Problem: Drop all images and give the records again exactly.

>>>

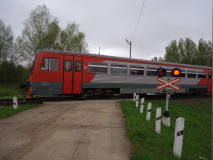 смоленская транспортная прокуратура приняла меры к устранению нарушений при эксплуатации железнодорожных переездов - фото - 2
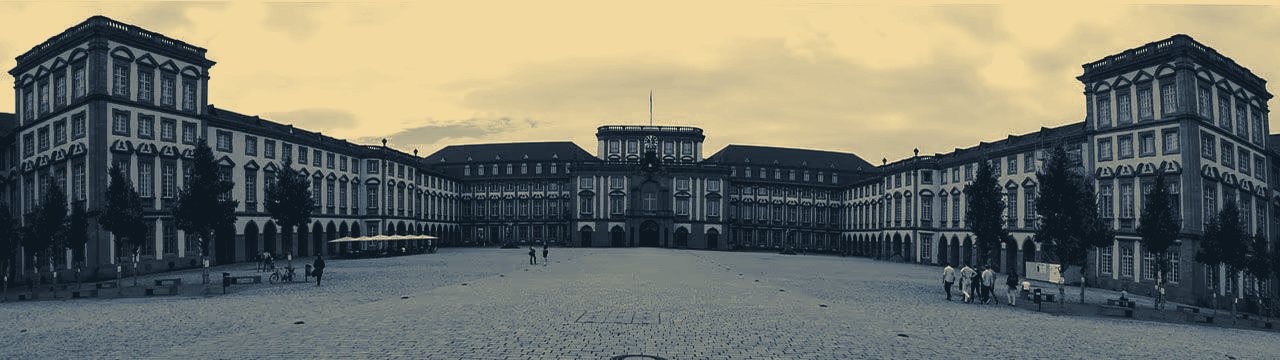 Panorama des Mannheimer Barockschlosses mit Ehrenhof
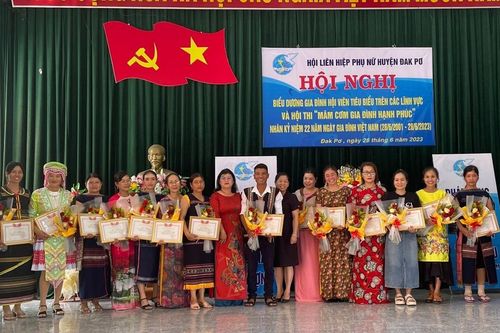 Đak Pơ: 16 gia đình tiêu biểu trên các lĩnh vực được biểu dương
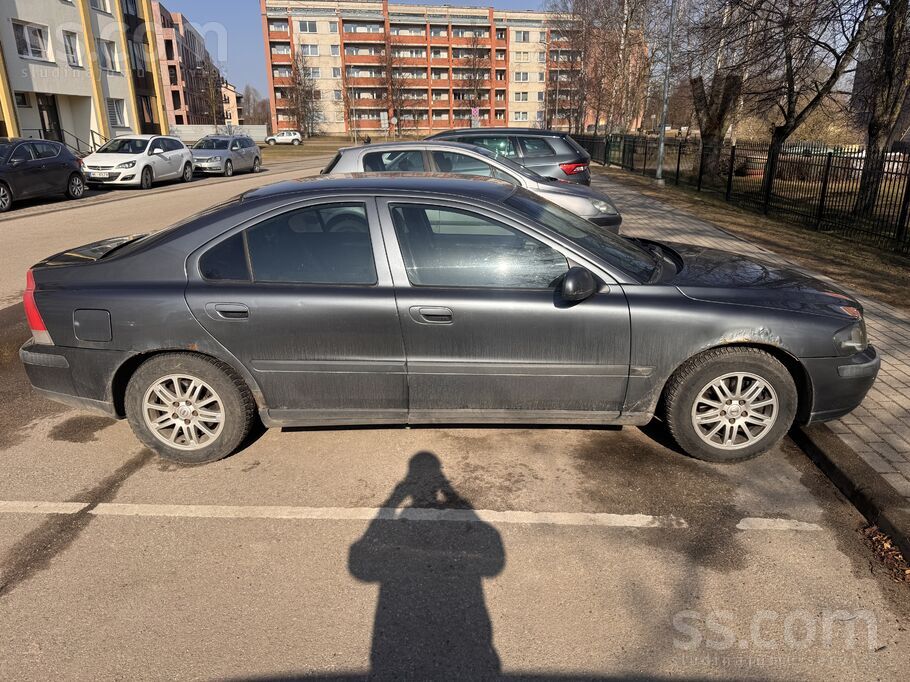 Volvo Pārdodu Volvo S60 bez TA. Vairāk info zvanot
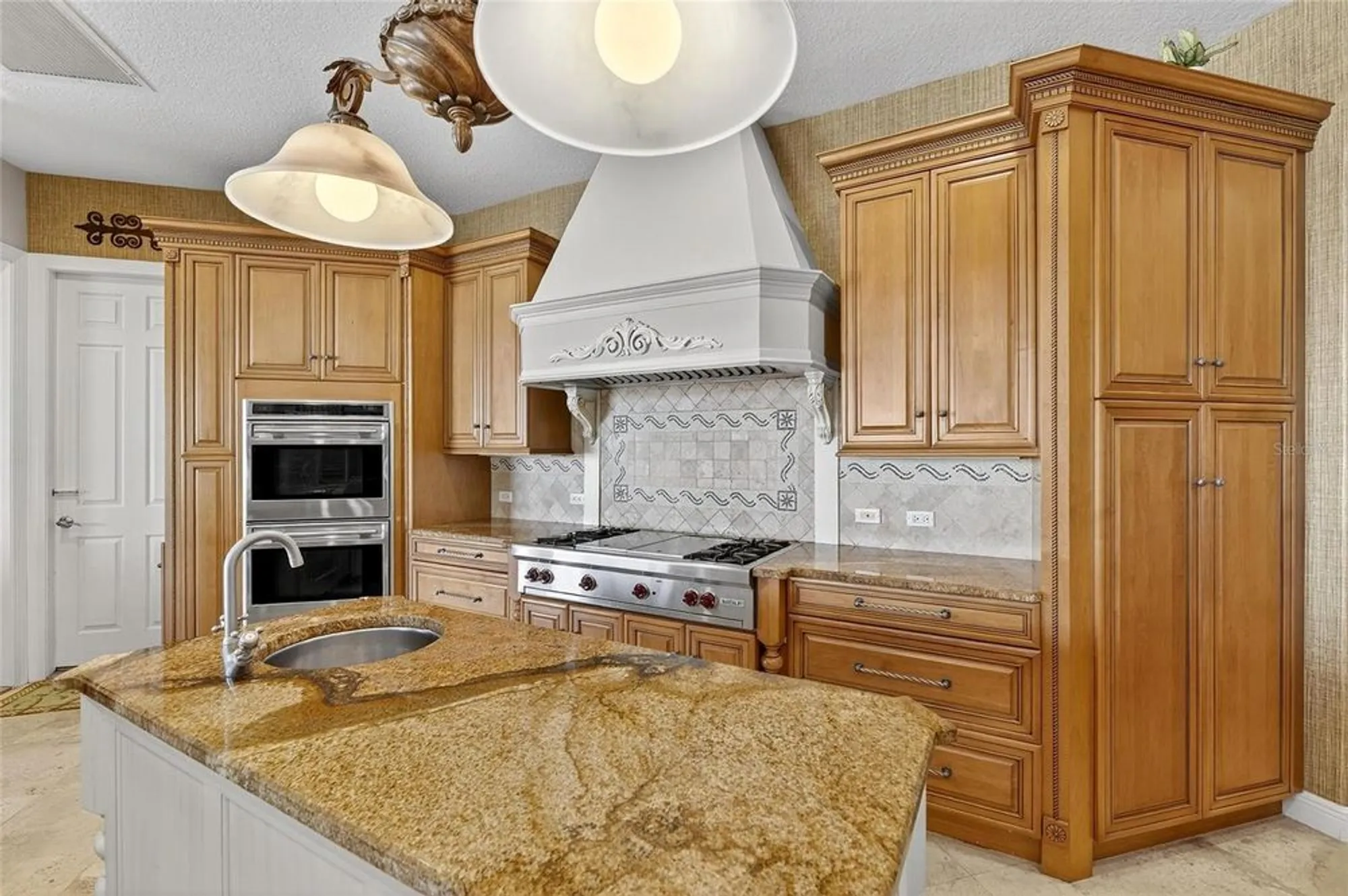 Property Slideshow image 36 of 98 | 517 mirabay blvd, Apollo Beach, FL, 33572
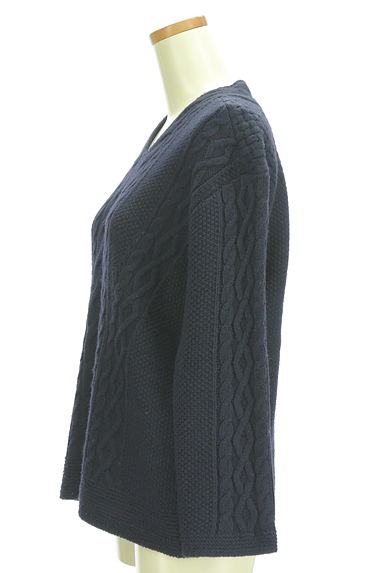 LEILIAN（レリアン）の古着「Vネックケーブル編みニット（セーター）」大画像３へ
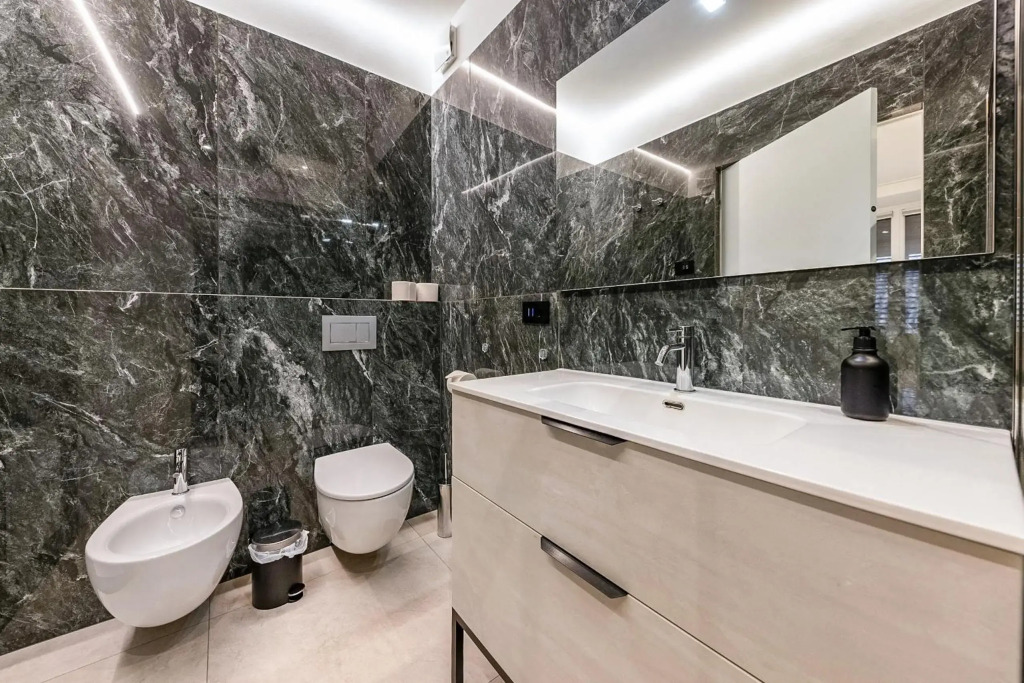 App 5 Palazzo Cavour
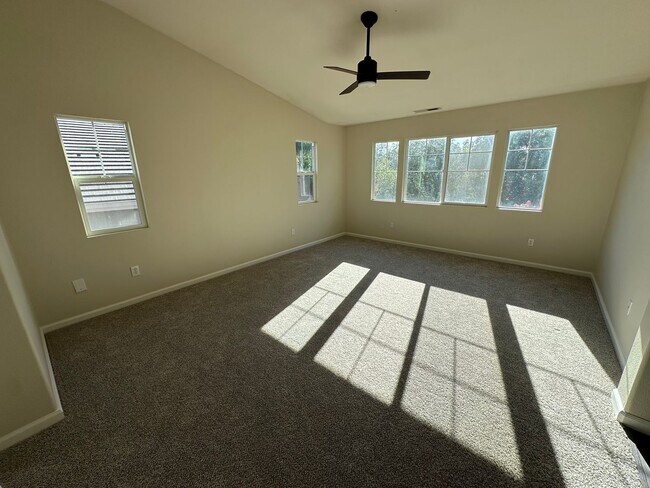 Building Photo - Beautiful 4 Bedroom, 2.5 Bath Tracy Home /...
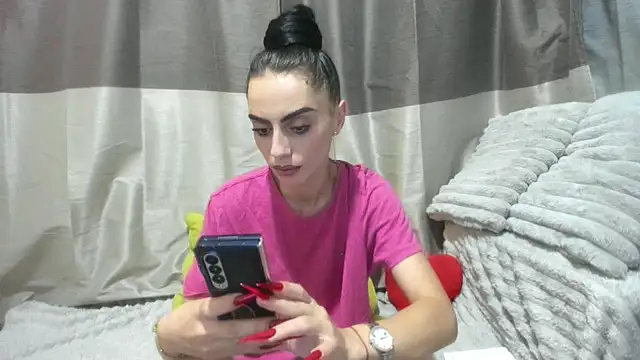 Snapshot of jessystarr chatting on November 17, 6:46 pm jessystarr online show from November 17, 6:46 pm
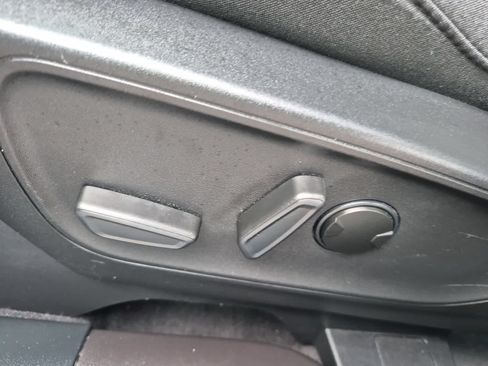 Used 2023 Ford Escape Active w/ Tech Pack #1 AWD/4WD image 17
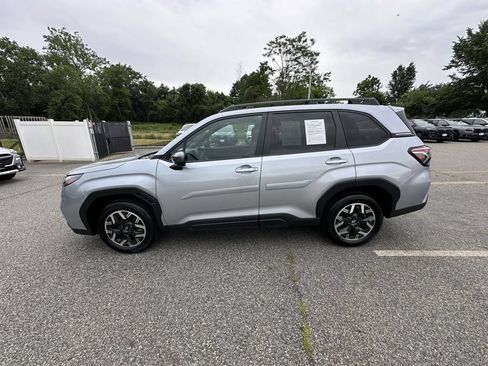 Certified 2025 Subaru Forester Premium AWD/4WD image 5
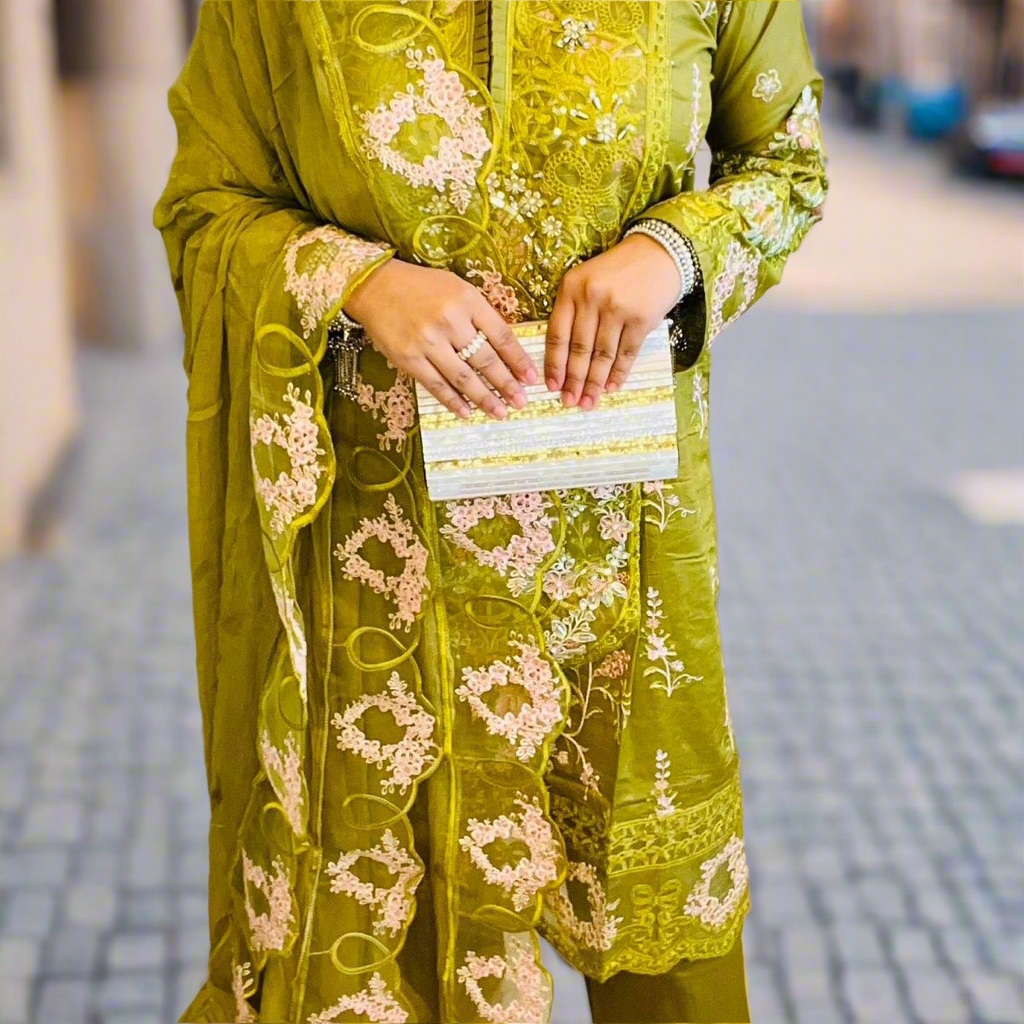 Oranjeta Hira Collections Women's Embroidered Lawn 3 Pieces Suit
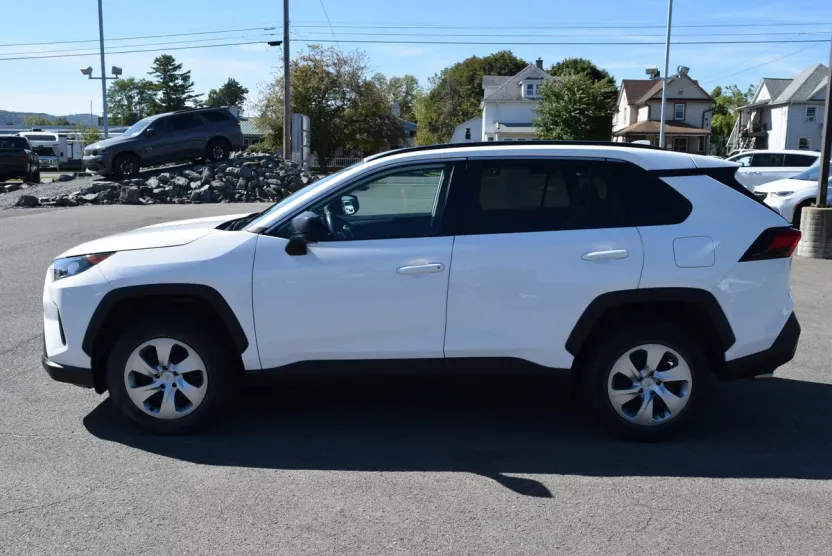 2021 Toyota RAV4 LE photo 1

<<<

Result of this task:
 смоленская транспортная прокуратура приняла меры к устранению нарушений при эксплуатации железнодорожных переездов - фото - 2
 Panorama des Mannheimer Barockschlosses mit Ehrenhof
 Đak Pơ: 16 gia đình tiêu biểu trên các lĩnh vực được biểu dương
 Volvo Pārdodu Volvo S60 bez TA. Vairāk info zvanot
 Property Slideshow image 36 of 98 | 517 mirabay blvd, Apollo Beach, FL, 33572
 LEILIAN（レリアン）の古着「Vネックケーブル編みニット（セーター）」大画像３へ
 App 5 Palazzo Cavour
 Building Photo - Beautiful 4 Bedroom, 2.5 Bath Tracy Home /...
 Snapshot of jessystarr chatting on November 17, 6:46 pm jessystarr online show from November 17, 6:46 pm
 Used 2023 Ford Escape Active w/ Tech Pack #1 AWD/4WD image 17
 Certified 2025 Subaru Forester Premium AWD/4WD image 5
 Oranjeta Hira Collections Women's Embroidered Lawn 3 Pieces Suit
 2021 Toyota RAV4 LE photo 1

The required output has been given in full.